La fédération ghanéenne a réclamé justice et promis de « renforcer les dispositifs de sécurité pour les clubs en déplacement », rapporte Le Figaro. Des mots qu'on a déjà entendus. Le football africain paie régulièrement le prix d'infrastructures défaillantes et de routes dangereuses. Mais une attaque armée contre un bus de joueurs, c'est un cran au-dessus. C'est la question de la sécurité des sportifs dans des zones où l'État peine à assurer ses missions régaliennes.

Ce drame ne fera pas la une des chaînes françaises. Il devrait. Parce qu'il dit quelque chose sur les conditions dans lesquelles des milliers de jeunes footballeurs évoluent loin des projecteurs de la Premier League ou de la Ligue 1. Frimpong avait 20 ans et prenait le bus pour aller jouer au foot. Il n'en est pas revenu.

JO 2028 à Los Angeles : le sport populaire est-il encore accessible ?

Après Paris 2024 et ses polémiques tarifaires, on aurait pu espérer que Los Angeles corrige le tir. C'est l'inverse. Selon Ouest-France, les premiers acheteurs — y compris ceux bénéficiant d'un accès prioritaire en Californie du Sud et en Oklahoma City — dénoncent des prix « exorbitants », gonflés notamment par des frais de service.

Le schéma se répète, en pire. La Coupe du monde 2026 avait déjà alerté sur la dérive tarifaire du sport spectacle aux États-Unis. Les JO 2028 confirment la tendance : l'événement olympique devient un produit de luxe. On parle de Jeux « pour tous », on pratique des tarifs pour quelques-uns.

Pour les fans français qui envisageaient le voyage, le signal est clair : entre le billet d'avion, l'hébergement californien et des places à prix premium, le budget atteindra des sommets. Paris avait au moins l'excuse de l'inédit post-Covid. Los Angeles n'a même pas cette excuse.

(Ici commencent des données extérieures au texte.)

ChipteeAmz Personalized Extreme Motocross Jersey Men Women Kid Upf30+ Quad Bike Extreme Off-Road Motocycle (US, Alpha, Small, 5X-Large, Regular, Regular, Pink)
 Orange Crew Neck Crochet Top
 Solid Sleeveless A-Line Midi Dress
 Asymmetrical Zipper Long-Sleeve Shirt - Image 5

En bref sur les terrains français

La Ligue 1 offre aussi ses raisons d'y croire. Lille, troisième du championnat, aborde la fin de saison dans une forme remarquable, selon L'Équipe. L'infirmerie de Bruno Genesio se vide, les cadres reviennent affûtés. Le LOSC a les armes pour tenir son rang sur le podium — un luxe rare pour un club qui jongle habituellement entre ambitions européennes et moyens limités.

Côté rugby, Toulouse se déplace à Castres pour le derby du Top 14, avec la pression d'une gifle reçue face à Bordeaux à effacer. Le Stade Toulousain, habitué à dominer, déteste perdre deux fois de suite. Castres, lui, adore jouer les trouble-fêtes à domicile. Rendez-vous ce samedi.

Le sport de ce lundi, c'est ce mélange permanent entre le dérisoire et le tragique, entre une polémique de trophée et un jeune homme qui ne jouera plus jamais.